We've all read about how the U.S. is funding Colombians to grow
other crops besides coca.It certainly sounds like a good idea untill you look
into it a bit, something U.S. journalists don't do very often. ReconsiDer board
member Mary Barr just returned from a "fact-finding" trip to Colombia and
sent me this little note about how the U.S's crop substitution policy is working
down there. We know that the coca dealers pick up the coca from the
farmers but the farmers have to haul the "alternative " crops to market
themselves. This, in a mountainous country with poor or non-existent roads. To
make it more difficult, few of these poor farmers have vehicles in which to make
the trip. If that doesn't sound like reason-enough for the crop substitution
program to fail, read Mary's article below.
Hearts of Colombia
by Mary Barr, for
ReconsiDer
With Plan Colombia, we
have taken the “War on Drugs,” literally by trying to eradicate Coca, the weed
that cocaine is made from. The
problem with declaring war on this weed, is that it grows like---a weed. In a June 2003 Witness for Peace
delegation, I visited the Putumayo region of
Colombia and saw
many devastated fields. In some
fields farmers had burned Coca off their land in compliance with
U.S.
contracts. In one blackened
300-foot area, there was a tiny green plant sticking up out of the middle. If
you guessed that it was Coca, you can go to the head of the class. In my estimation we can’t effectively
kill this weed or Poppy and Cannabis weeds either.

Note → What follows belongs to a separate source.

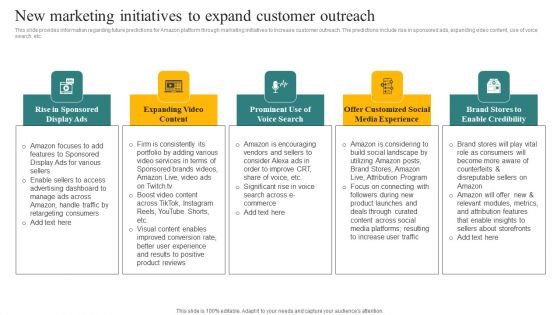 New Marketing Initiatives To Expand Customer Outreach Ppt Portfolio Images PDF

The plan is to give farmers a
one-time payment of $8,000 to plant alternative crops like corn, rice and hearts
of palm. Heart of palm takes
fifteen months to grow, while Coca takes only three months to grow. Rice takes only four months to grow but
you need tons of it to make the same profit from one kilo of coca. I wondered how all the
farmers voluntarily agreed with this plan. In interviews with the non-profits
that implement the plan, I found out that if one farmer in a community agreed,
they all had to agree, or no payment.
Plus they would be placed on the list for fumigation. This caused a lot of arguments in the
pueblitos, where 90% of the rural population lives in abject poverty, and
pressure to sign on was great.
We were lead through three
farms by Don Ishmael, his wife and cousin. All of these farms had eradicated
coca over two years ago, at the beginning of Plan
Colombia. In
walking for many miles we saw no Coca but they all had been fumigated, the last
time only two days before.
At one patch of Heart of palm the Senora stopped me and started to
cry. I guess she was around sixty
years old, and she had spent days in the blasting heat of the region to plant
these crops, which were totally devastated. (Photo) She told me it was the third time she
planted and had her crops fumigated.
Then she said something that made me grab an interpreter thinking that my
Spanish was faulty. She repeated
that these were Plan
Colombia
crops. The very crops we had paid
her and given her seed and instruction to plant! And we had fumigated them not once, but
three times! Of all the
things I learned this tiny crying woman taught me the most.
We have sent 650 million
dollars so far this year in military aid to
Colombia and are
planning to send more. On our way back from the country our bus was stopped and
entered by the FARQ, one side of the civil war in
Colombia that is
claiming many lives. The FARQ
and the Guerrillas are notorious for kidnapping and ransom tactics. He looked to be only 16 and asked
us if we had seen any enemy soldiers during our journey. It was surreal that he had a lollipop in
one hand and a machine gun in the other.
I held my breath expecting to be kidnapped at any moment. But after our driver said he didn’t
know, the youth looked us over and let us go unharmed.
When we went to our meeting at
the U.S. embassy
we were told that there were over 8,000 complaints filed of erroneous fumigation
of licit crops. We asked how
many were paid out and were told two!
We asked if that was because of budgetary concerns and were told they had
an unlimited amount. We asked what
was paid out and they answered $6,000.
We then showed our pictures of fields of corn, heart of palm and other
licit crops that had been fumigated from three farms. An embassy official said that they would
visit and, if they found the same conditions, would pay reparations.